The International Olympic Committee has heard the outcry from athletes and sports organizations around the world, asking whether the Summer Games in Tokyo will be held, canceled or postponed, and today responded.
IOC president Thomas Bach issued a letter to athletes announcing his organization has begun the process of deciding what to do, and has set a deadline for that decision to be finalized: four weeks.
“Together with all the stakeholders, we have started detailed discussions today to complete our assessment of the rapid development of the worldwide health situation and its impact on the Olympic Games, including a scenario of postponement,” Bach wrote. “We are working very hard, and we are confident that we will have finalised these discussions within the next four weeks.”
Bach made one thing clear: canceling the Olympic Games is off the table.
“Cancellation of the Olympic Games would destroy the Olympic dream of 11,000 athletes from all 206 National Olympic Committees, from the IOC Refugee Olympic Team, most likely for the Paralympic athletes, and for all the people who are supporting you as coaches, doctors, officials, training partners, friends and family. Cancellation would not solve any problem and would help nobody. Therefore it is not on our agenda.”
Bach also explained why it will not simply postpone the games today, citing what he called “uncertain developments in both directions: an improvement, as we are seeing in a number of countries thanks to the severe measures being taken, or a deteriorating situation in other countries.”
“Contrary to other sports events, to postpone the Olympic Games is an extremely complex challenge,” Bach said in his letter. “A number of critical venues needed for the Games could potentially not be available anymore. The situations with millions of nights already booked in hotels is extremely difficult to handle, and the international sports calendar for at least 33 Olympic sports would have to be adapted.”

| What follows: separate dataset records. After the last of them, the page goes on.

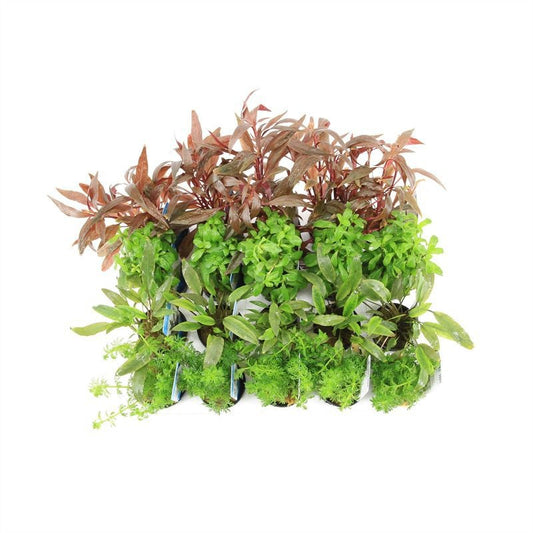 Aquarium plant mix 10cm 5cm Pot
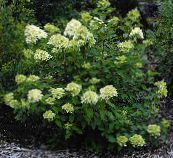 green Panicle Hydrangea, Tree Hydrangea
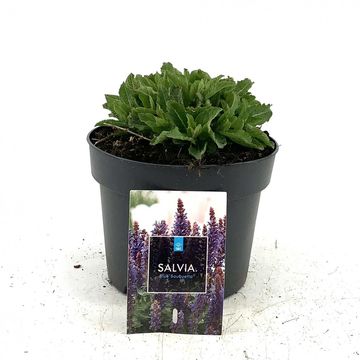 Salvia nemorosa BLUE BOUQUETTA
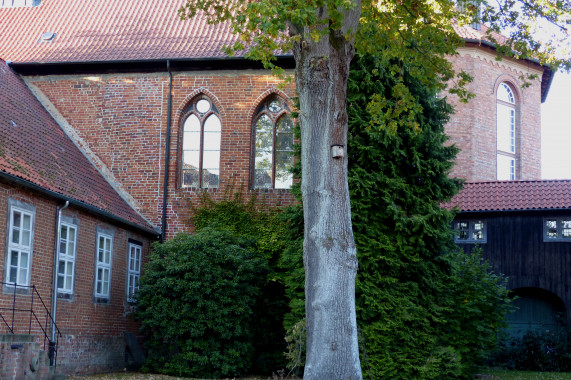 Kloster Walsrode Walsrode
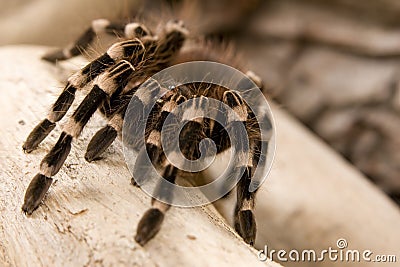 Brazilian White Knee Tarantula Stock Photo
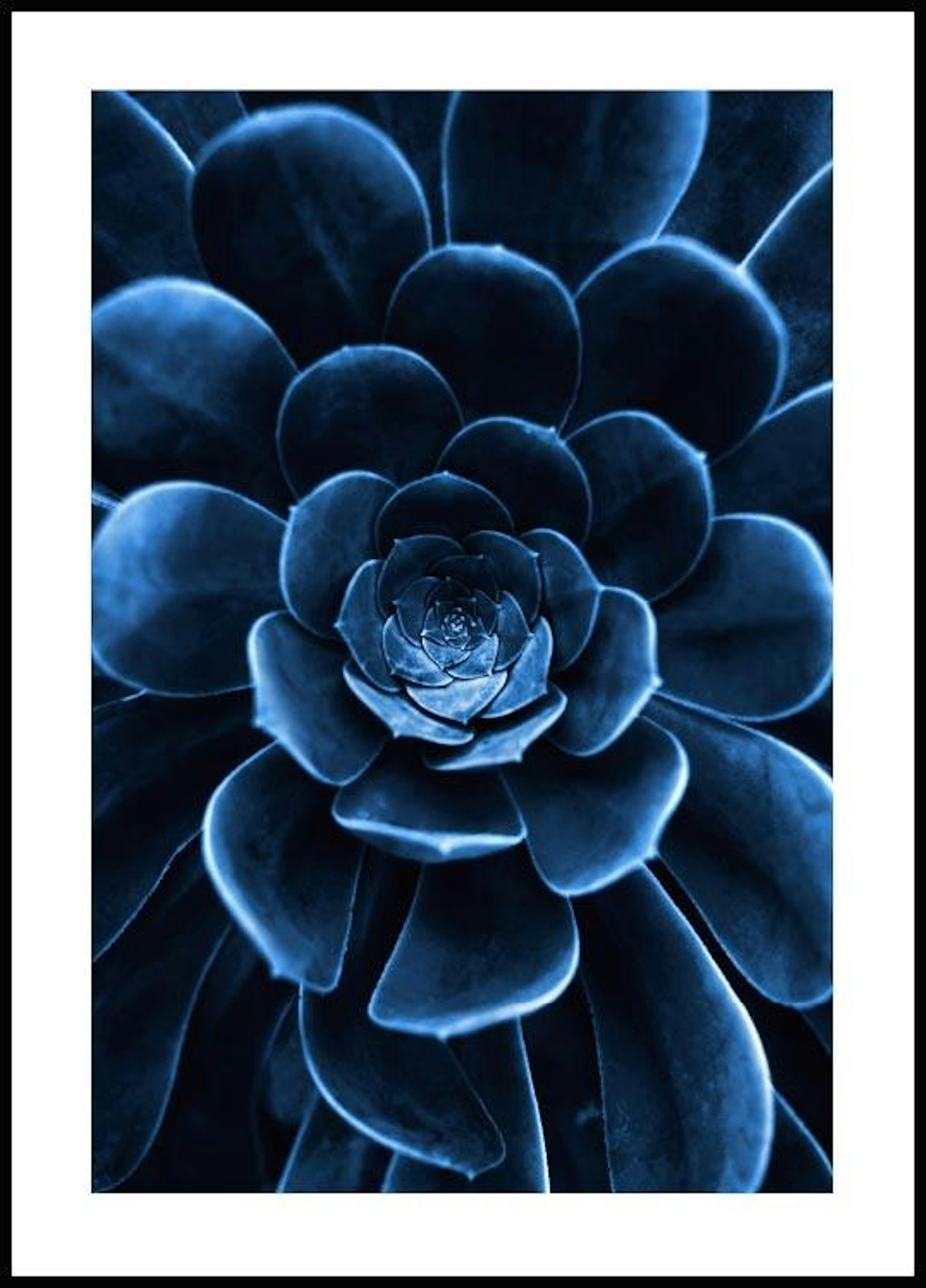 Blue flower cactus Poster thumbnail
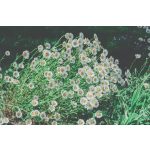 doTERRA Római kamilla (Roman Chamomile) esszenciális illóolaj 5 ml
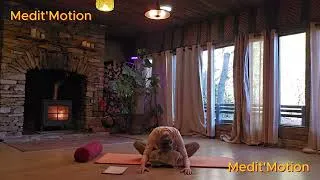 Miniature : YIN YOGA - foie et digestion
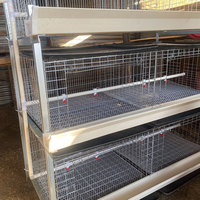 Cages à Poulets de Chair en Batterie pour Élevage Avicole, Système d'Élevage en H de 3/4 Niveaux pour 60/80 Oiseaux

And that’s not all of the complications.
But even though Bach said this process of making a call has only just begun, he did explain that throughout the developments of the coronavirus pandemic outbreak, the IOC has been getting advice from a task force that includes the World Health Organization, and looking at a variety of scenarios.
Bach is himself an Olympic athlete.
“As a fellow Olympian, I hope that you can understand our challenge, and accept and support our principles which are to safeguard your, your families’ and everyone’s health, and to keep your Olympic dream alive.”
“As successful athletes, you know that we should never give up, even if the chance to succeed appears to be very small,” wrote Bach. “Our commitment to the Olympic Games Tokyo 2020 is based on this experience. It is our experience as athletes that you must always be ready to adapt to new situations.”
Bach wrote that it his and the IOC’s hope that “at the end of this dark tunnel we are all going through together, not knowing how long it is, the Olympic flame will be a light at the end of this tunnel.”